__Task brief__
An exact copy of every entry below is required, and no picture may appear in it.

[[ Records shown, beginning ]]

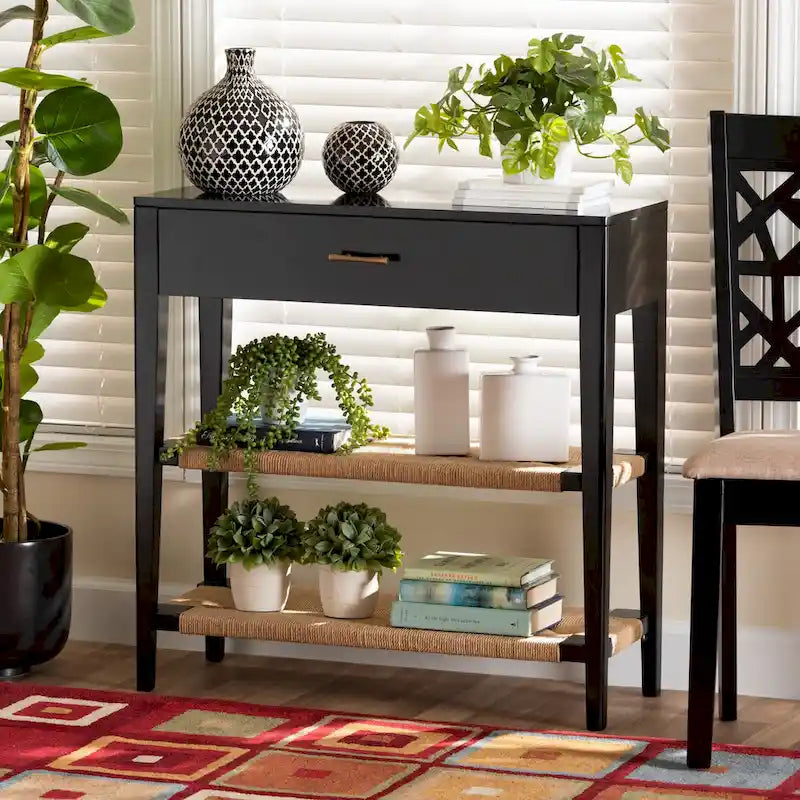 Freya Modern Bohemian Bayur Wood 1-Drawer Console Table-Black-9
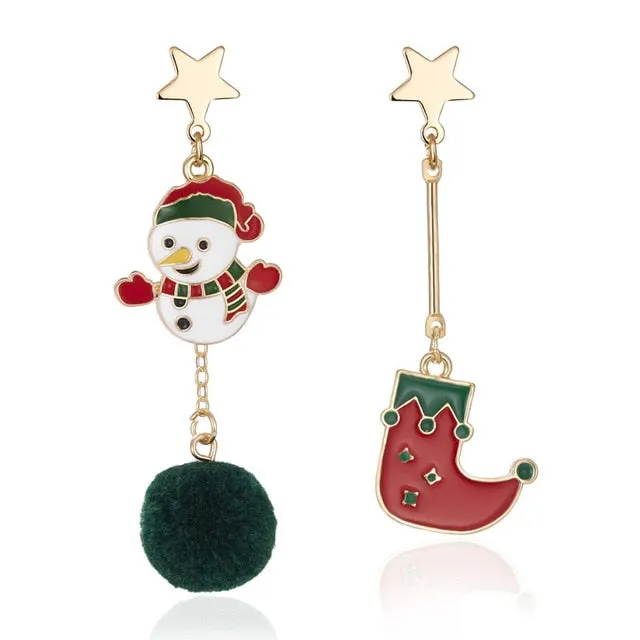 Cheerful Holiday Asymmetric Design Earrings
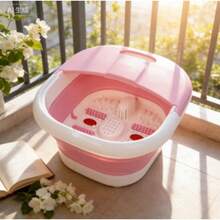 Bañera plegable de 1 pieza para el hogar, calentador de pies spa masajeador, terapia infrarroja pie spa masajeador, - Rosa - Ver 8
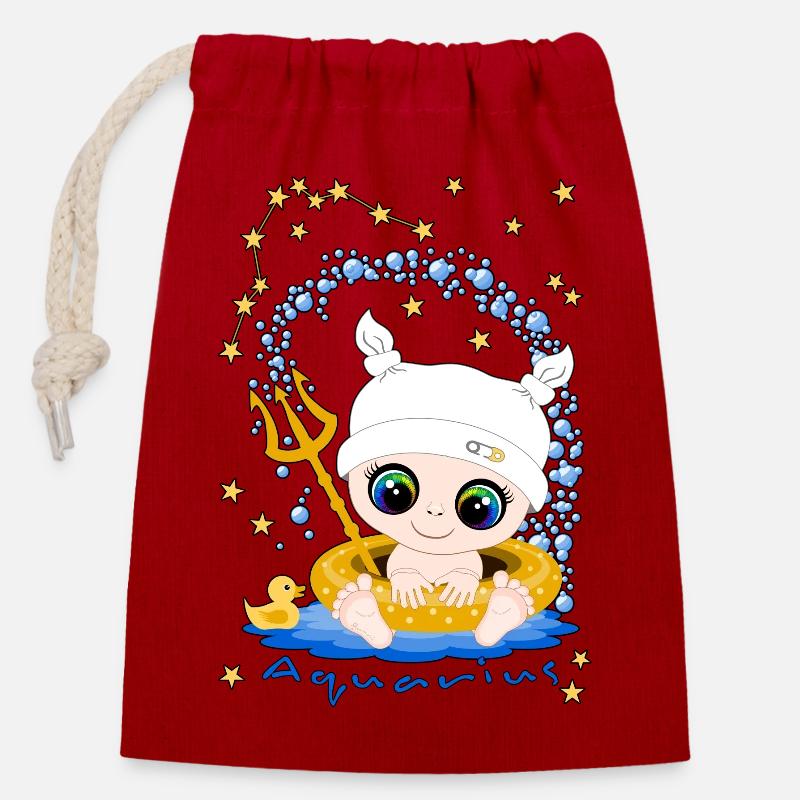 sternzeichen_aquarius - Closable cotton gift bag (14x20cm) - red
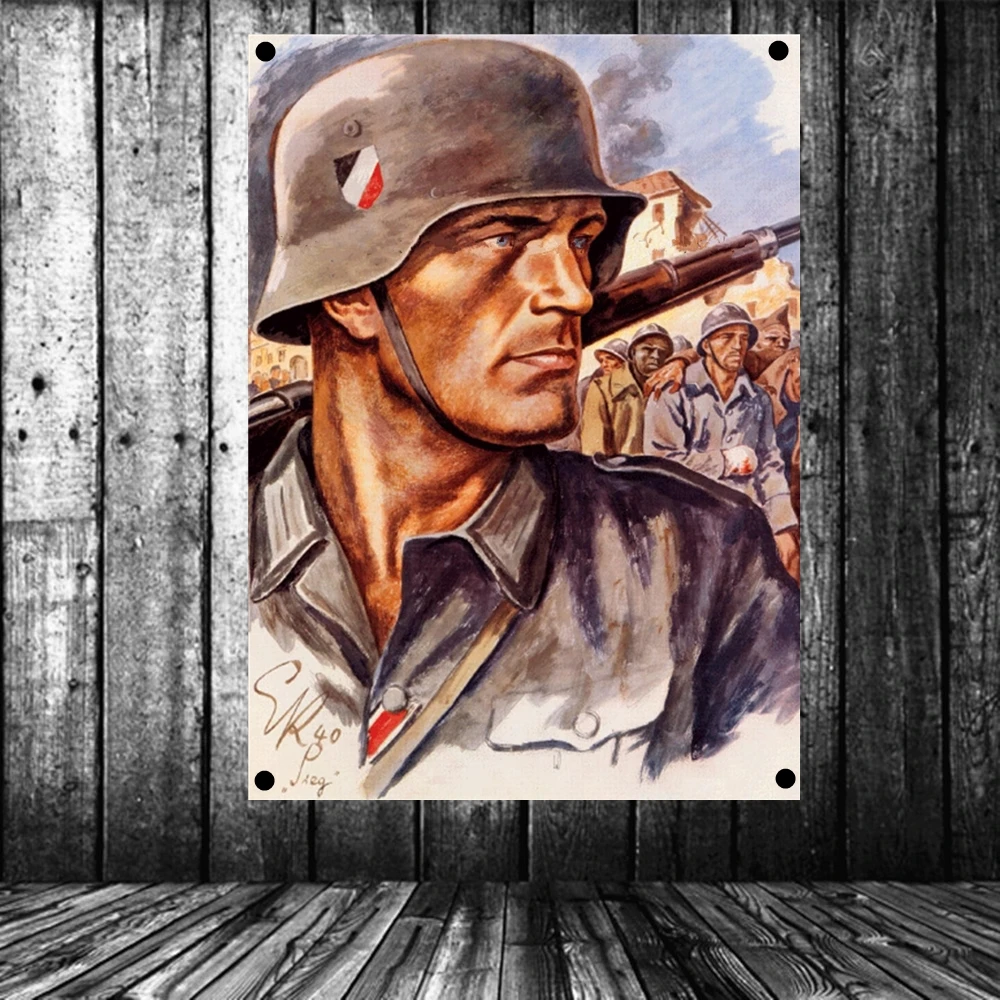 WWII плакат GER солдата война wall art Форма вермахт военные плакаты флаг баннер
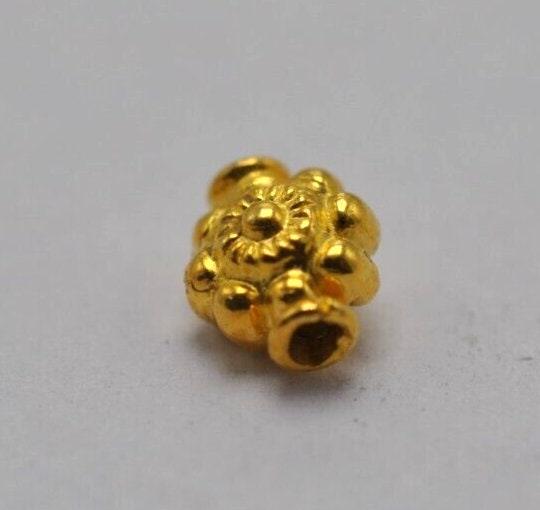 Handmade 18k Gold Engraved Design Fancy Spacer Beads 6mm - Kanika Creations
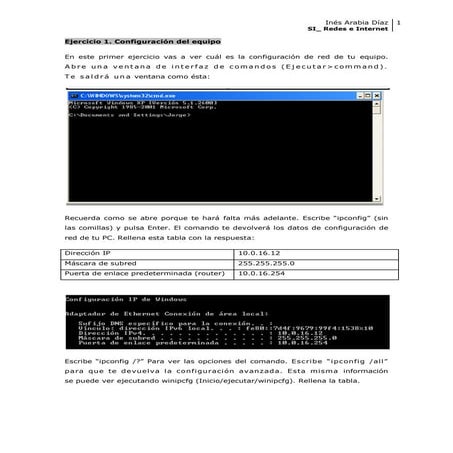 Ejercicios muy básicos de redes
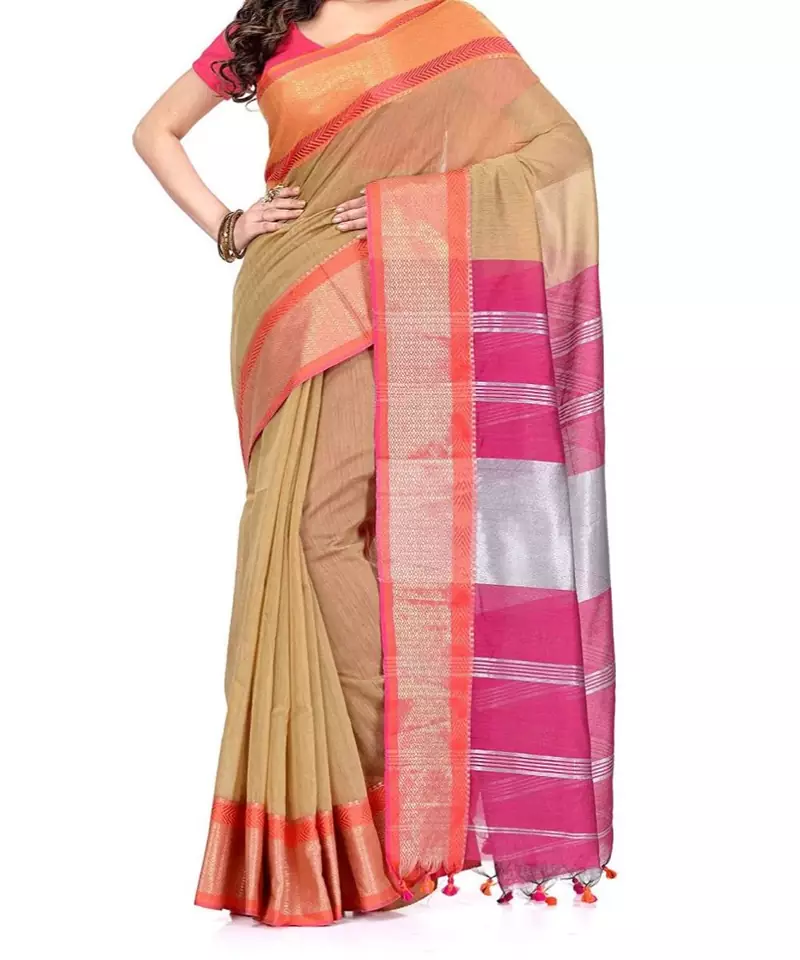 Creem Zari Work Cotton Silk Handloom Saree With blouse piece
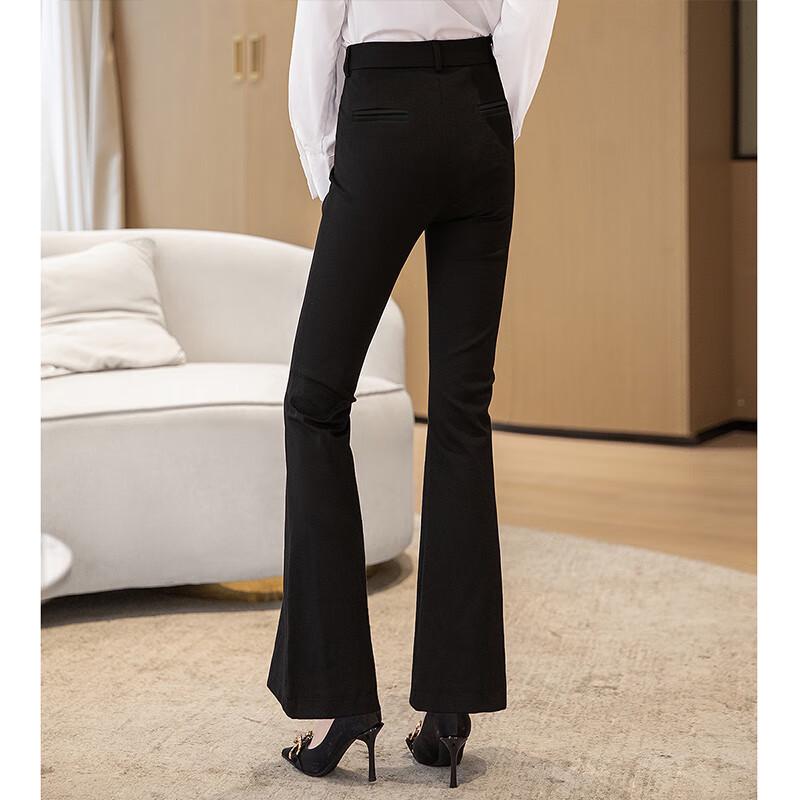 Women's High-Waist Slim-Fit Flared Pants with Rhinestone Split Hem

[[ Records shown, end ]]

__Response to the task__
 Freya Modern Bohemian Bayur Wood 1-Drawer Console Table-Black-9
 Cheerful Holiday Asymmetric Design Earrings
 Bañera plegable de 1 pieza para el hogar, calentador de pies spa masajeador, terapia infrarroja pie spa masajeador, - Rosa - Ver 8
 sternzeichen_aquarius - Closable cotton gift bag (14x20cm) - red
 WWII плакат GER солдата война wall art Форма вермахт военные плакаты флаг баннер
 Handmade 18k Gold Engraved Design Fancy Spacer Beads 6mm - Kanika Creations
 Ejercicios muy básicos de redes
 Creem Zari Work Cotton Silk Handloom Saree With blouse piece
 Women's High-Waist Slim-Fit Flared Pants with Rhinestone Split Hem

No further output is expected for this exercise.